Social Diagnosis is focused not on the analysis of transient opinions, but on more basic facts, behaviors, attitudes and experiences; it is not an ordinary descriptive survey – it is a scientific project. This is not only due to the fact that among the authors there are scientists, university employees and professors. The decisive factor is the professional system of work, based upon research experience of the members of the Council for Social Monitoring and the team of experts and – most of all – the theoretical context of the particular problems. Most variables taken into account on the project are not a result of intuition, informal observation or the demands of the sponsors, but of scientifically-based knowledge about the examined phenomena. An important objective of the Diagnosis is, apart from describing Polish society, to verify scientific hypotheses. In the present report, which is aimed at the ‗general public‘, it was necessary to limit the discussion of theoretical issues to a minimum. The most important issue is the answer to an open question: what is Polish society like, 18 years after the systemic transformation and 7 years after the first research conducted within the confines of the same project?
We hope that the results of implementing this project will provide politicians, business owners and local government activists responsible for the preparation, implementation and amendment of reforms that change the living conditions of all citizens with valuable knowledge. We would also like to provide society with reliable information regarding its everyday life, since the perception that individuals have of their own situation in comparison with that of other people are usually based upon selective observation, stereotypes or views that are propagated by the media. These are often false or exaggerated (informing the public, for instance, of the worsening condition of the psychological health in our society, of the complete paralysis of health care services, of retirees or older people being the social category that economically suffered most during the transformation process – to provide only a few examples). We all deserve a relatively accurate, comprehensive and objective diagnosis of the main sources of our everyday problems, ideas of psychological discomfort, uncertainty of the future or difficulty in adapting to the new conditions, but also pointing out the benefits of subsequent systemic transformations. Private diagnoses are often too illusory, defensive, simplified, and, in general, mistaken.

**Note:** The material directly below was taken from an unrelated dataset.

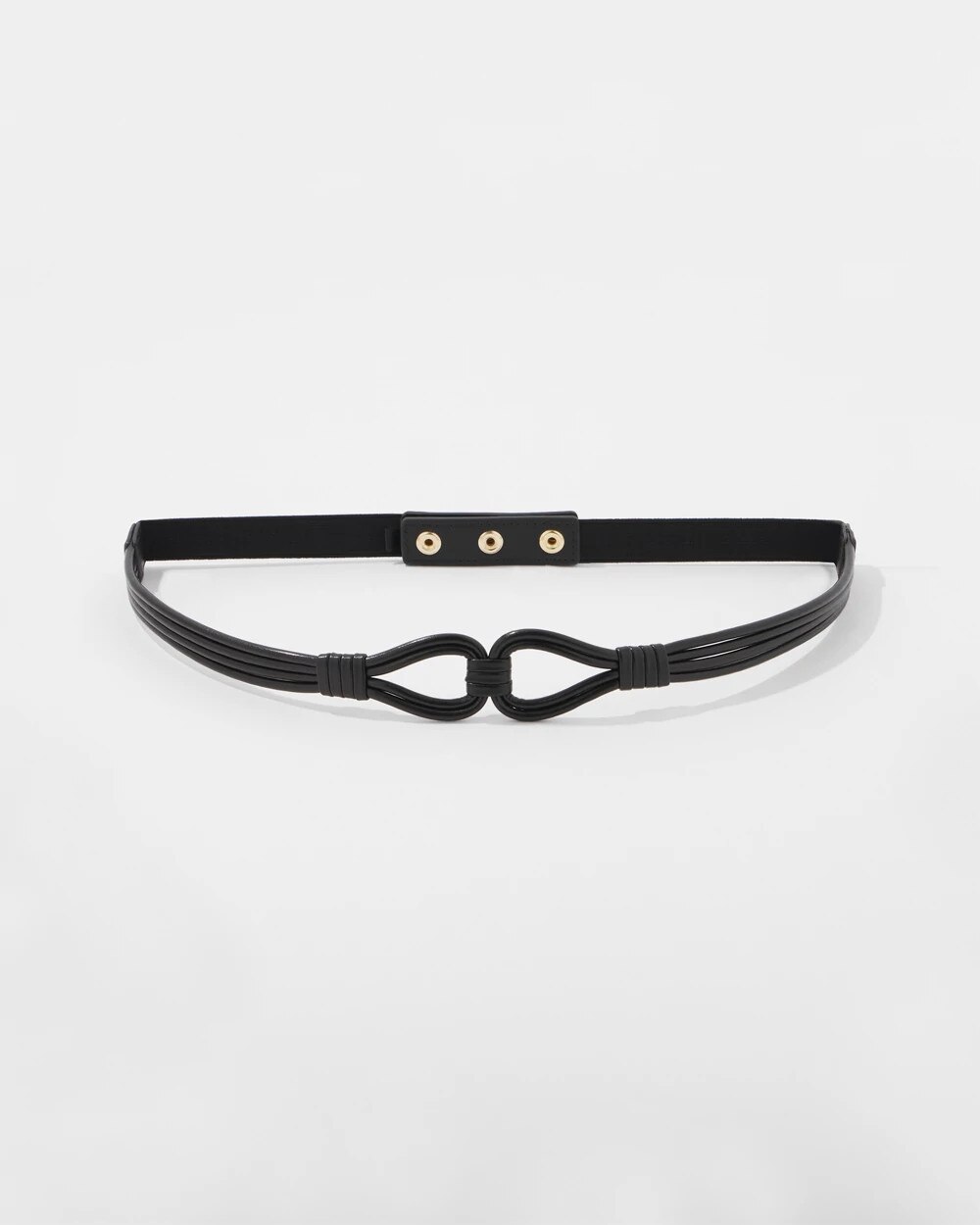 WHBM_Knotted20Waist20Belt_570388618_BLK000001_TT_MAIN.jpeg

The differences between the present and the previous research pertain to the sample and the scope, reflected by the content of the questionnaire (see Annex). The sample was increased from the original 3005 in 2000 to 5532 households (thanks to this, the sample of individual respondents increased from 66625 to approximately 12641 people). Changes in the questionnaires in the subsequent research waves pertained to several modules. This year, the volume of the module concerning healthcare was dramatically reduced, while the labor market module was developed.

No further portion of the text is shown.